### Task objective
No pictures belong in the copy. Retype exactly, and only, the stretch of lines below from the one with "[830-2809] Sterling/5% Platinum" through the one with "华为凌霄子母路由Q6网线版1母5子".

[Opening Input records section]

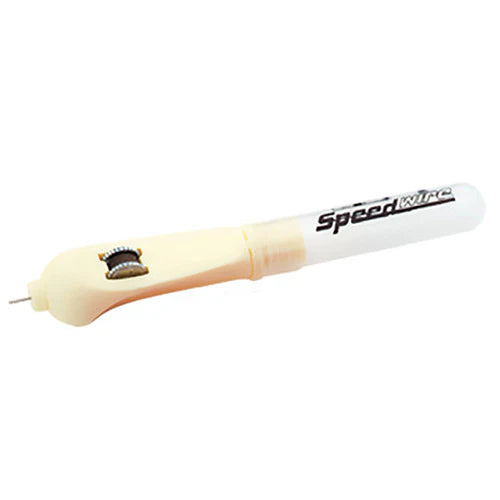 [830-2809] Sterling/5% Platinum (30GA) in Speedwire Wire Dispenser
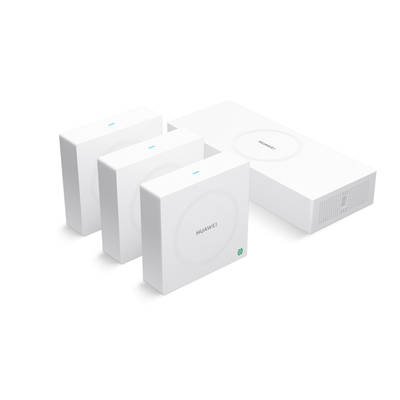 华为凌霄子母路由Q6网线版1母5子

[Closing Input records section]
[Opening Input records section]

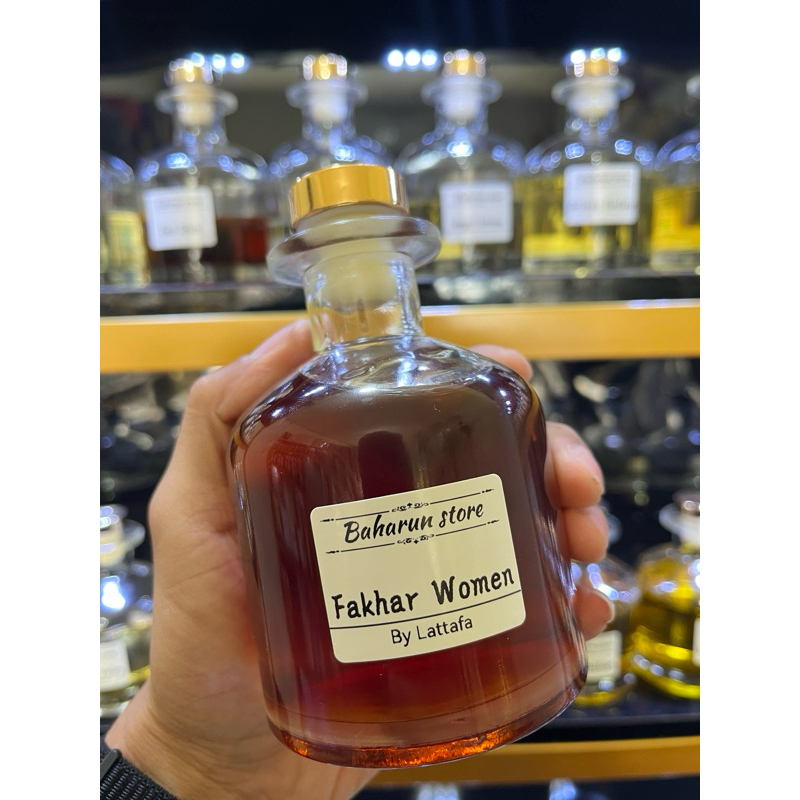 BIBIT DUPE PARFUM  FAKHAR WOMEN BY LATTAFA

[Closing Input records section]

### Answer for this exercise
 [830-2809] Sterling/5% Platinum (30GA) in Speedwire Wire Dispenser
 华为凌霄子母路由Q6网线版1母5子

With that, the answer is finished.